— Task requirements —
Copy exactly, and only, the lines from the one containing "发家致富的秘密武器，纸张的选择与应用" through the last line of the records below.
[Start of section]
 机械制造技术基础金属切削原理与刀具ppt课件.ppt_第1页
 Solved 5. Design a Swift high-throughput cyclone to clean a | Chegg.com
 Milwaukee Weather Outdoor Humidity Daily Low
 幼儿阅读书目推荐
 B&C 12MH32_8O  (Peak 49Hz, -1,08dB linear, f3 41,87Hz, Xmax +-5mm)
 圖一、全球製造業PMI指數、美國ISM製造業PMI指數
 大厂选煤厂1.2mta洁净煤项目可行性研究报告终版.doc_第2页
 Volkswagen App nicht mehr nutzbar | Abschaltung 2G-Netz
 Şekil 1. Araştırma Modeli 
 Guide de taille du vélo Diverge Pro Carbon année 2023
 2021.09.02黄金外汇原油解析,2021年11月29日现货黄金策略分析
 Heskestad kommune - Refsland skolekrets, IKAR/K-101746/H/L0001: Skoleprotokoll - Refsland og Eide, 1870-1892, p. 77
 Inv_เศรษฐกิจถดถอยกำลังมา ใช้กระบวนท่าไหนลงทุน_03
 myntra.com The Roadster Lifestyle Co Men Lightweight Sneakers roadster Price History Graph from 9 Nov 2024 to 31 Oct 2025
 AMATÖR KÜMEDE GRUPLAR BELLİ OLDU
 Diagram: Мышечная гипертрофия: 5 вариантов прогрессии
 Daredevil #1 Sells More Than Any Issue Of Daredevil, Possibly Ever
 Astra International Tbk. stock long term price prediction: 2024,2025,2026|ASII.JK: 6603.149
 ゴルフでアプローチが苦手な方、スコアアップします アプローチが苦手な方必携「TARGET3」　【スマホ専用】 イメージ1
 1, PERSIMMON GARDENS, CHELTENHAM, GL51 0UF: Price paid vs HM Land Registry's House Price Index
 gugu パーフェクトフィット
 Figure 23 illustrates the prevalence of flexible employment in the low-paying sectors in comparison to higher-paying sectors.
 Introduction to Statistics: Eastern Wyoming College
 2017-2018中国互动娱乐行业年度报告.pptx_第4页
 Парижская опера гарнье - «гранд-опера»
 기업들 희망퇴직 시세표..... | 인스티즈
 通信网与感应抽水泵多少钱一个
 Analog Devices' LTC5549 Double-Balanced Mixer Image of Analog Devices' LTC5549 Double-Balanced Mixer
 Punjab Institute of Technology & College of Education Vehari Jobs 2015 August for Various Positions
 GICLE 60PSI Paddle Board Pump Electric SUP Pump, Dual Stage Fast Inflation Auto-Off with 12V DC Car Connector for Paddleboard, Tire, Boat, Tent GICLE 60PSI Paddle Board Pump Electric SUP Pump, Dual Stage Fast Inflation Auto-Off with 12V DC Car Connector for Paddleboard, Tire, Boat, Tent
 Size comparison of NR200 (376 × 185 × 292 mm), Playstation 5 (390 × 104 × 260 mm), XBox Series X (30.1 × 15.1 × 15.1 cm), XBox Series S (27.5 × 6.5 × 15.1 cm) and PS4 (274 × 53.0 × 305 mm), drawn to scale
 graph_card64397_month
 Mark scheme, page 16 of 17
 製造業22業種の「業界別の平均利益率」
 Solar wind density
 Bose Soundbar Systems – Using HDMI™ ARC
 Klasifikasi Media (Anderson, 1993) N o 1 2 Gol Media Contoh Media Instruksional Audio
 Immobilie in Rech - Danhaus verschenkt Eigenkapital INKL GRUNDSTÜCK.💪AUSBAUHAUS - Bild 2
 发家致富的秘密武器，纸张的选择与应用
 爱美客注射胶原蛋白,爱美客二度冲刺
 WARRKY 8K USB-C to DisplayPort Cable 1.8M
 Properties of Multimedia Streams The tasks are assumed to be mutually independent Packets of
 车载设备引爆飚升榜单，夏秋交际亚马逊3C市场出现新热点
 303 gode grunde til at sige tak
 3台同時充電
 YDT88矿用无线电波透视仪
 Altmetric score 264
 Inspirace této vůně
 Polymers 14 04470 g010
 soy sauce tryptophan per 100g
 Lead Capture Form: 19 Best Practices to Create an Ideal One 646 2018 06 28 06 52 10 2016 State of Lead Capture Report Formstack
[End of section]
— Response to the exercise —
 发家致富的秘密武器，纸张的选择与应用
 爱美客注射胶原蛋白,爱美客二度冲刺
 WARRKY 8K USB-C to DisplayPort Cable 1.8M
 Properties of Multimedia Streams The tasks are assumed to be mutually independent Packets of
 车载设备引爆飚升榜单，夏秋交际亚马逊3C市场出现新热点
 303 gode grunde til at sige tak
 3台同時充電
 YDT88矿用无线电波透视仪
 Altmetric score 264
 Inspirace této vůně
 Polymers 14 04470 g010
 soy sauce tryptophan per 100g
 Lead Capture Form: 19 Best Practices to Create an Ideal One 646 2018 06 28 06 52 10 2016 State of Lead Capture Report Formstack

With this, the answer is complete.